◆ Dataset extract
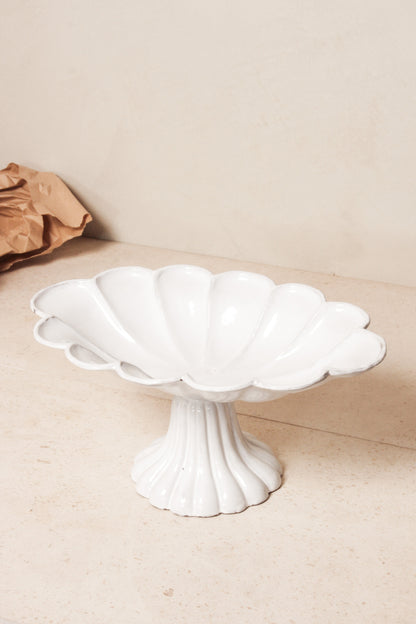 Victoria Dish on Stand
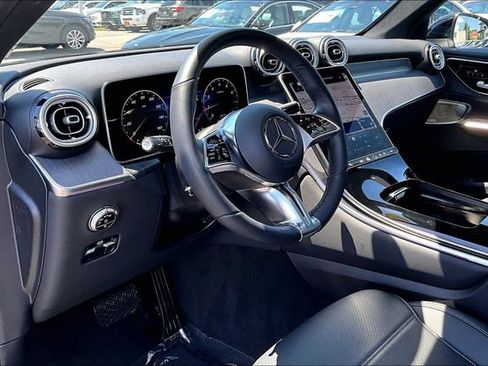 Used 2026 Mercedes-Benz GLC 300 4MATIC image 14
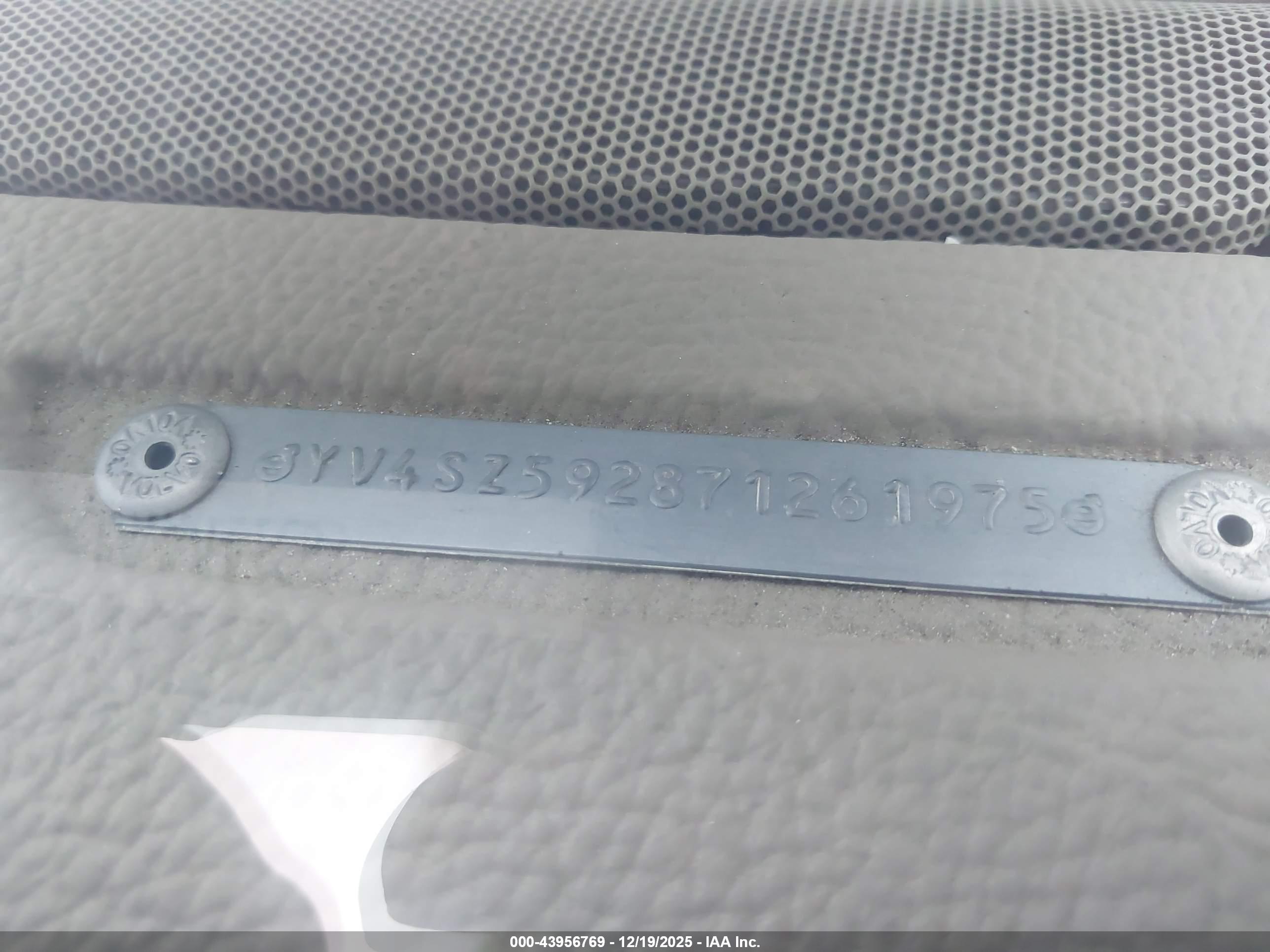 VOLVO XC70 image 9
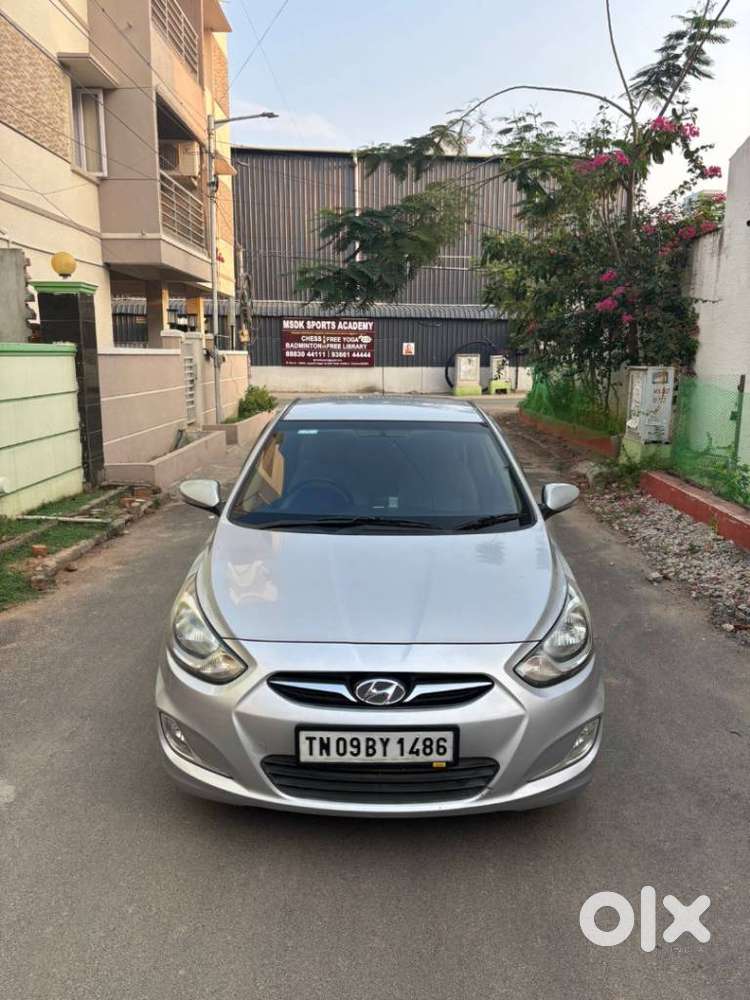 Hyundai Verna Crdi Vgt Sx 1.5, 2014, Petrol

◆ What you will do
Please retype, exactly as they appear, the lines from the one with "Used 2026 Mercedes-Benz" through the final line of the material, both included, and drop any pictures.

◆ Solution to this task
 Used 2026 Mercedes-Benz GLC 300 4MATIC image 14
 VOLVO XC70 image 9
 Hyundai Verna Crdi Vgt Sx 1.5, 2014, Petrol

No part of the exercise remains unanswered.